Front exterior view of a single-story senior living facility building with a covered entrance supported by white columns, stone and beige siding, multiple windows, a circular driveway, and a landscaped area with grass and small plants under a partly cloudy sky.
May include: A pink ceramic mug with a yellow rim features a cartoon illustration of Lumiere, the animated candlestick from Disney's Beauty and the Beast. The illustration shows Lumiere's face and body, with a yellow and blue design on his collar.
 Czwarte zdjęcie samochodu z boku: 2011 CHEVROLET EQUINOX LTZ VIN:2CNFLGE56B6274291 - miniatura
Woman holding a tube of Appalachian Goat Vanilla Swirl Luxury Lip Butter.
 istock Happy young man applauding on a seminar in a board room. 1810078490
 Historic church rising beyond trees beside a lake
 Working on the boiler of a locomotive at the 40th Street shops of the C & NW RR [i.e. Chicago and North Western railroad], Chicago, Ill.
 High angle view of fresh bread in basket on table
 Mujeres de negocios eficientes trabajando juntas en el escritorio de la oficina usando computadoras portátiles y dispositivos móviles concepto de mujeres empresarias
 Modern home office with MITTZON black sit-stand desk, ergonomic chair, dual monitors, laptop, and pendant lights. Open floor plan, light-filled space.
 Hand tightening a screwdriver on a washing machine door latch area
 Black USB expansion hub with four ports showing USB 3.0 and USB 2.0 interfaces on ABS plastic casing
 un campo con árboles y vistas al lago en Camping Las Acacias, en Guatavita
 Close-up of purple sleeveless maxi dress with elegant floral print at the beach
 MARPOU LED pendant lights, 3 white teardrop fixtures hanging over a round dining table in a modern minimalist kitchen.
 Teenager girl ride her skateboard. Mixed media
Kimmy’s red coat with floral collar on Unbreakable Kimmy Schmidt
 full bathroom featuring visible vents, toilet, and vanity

• [What is required] Your answer should consist only of the lines above between the line holding "May include: A" and the line holding "High angle view", inclusive, each transcribed exactly.

• [Written reply]
May include: A pink ceramic mug with a yellow rim features a cartoon illustration of Lumiere, the animated candlestick from Disney's Beauty and the Beast. The illustration shows Lumiere's face and body, with a yellow and blue design on his collar.
 Czwarte zdjęcie samochodu z boku: 2011 CHEVROLET EQUINOX LTZ VIN:2CNFLGE56B6274291 - miniatura
Woman holding a tube of Appalachian Goat Vanilla Swirl Luxury Lip Butter.
 istock Happy young man applauding on a seminar in a board room. 1810078490
 Historic church rising beyond trees beside a lake
 Working on the boiler of a locomotive at the 40th Street shops of the C & NW RR [i.e. Chicago and North Western railroad], Chicago, Ill.
 High angle view of fresh bread in basket on table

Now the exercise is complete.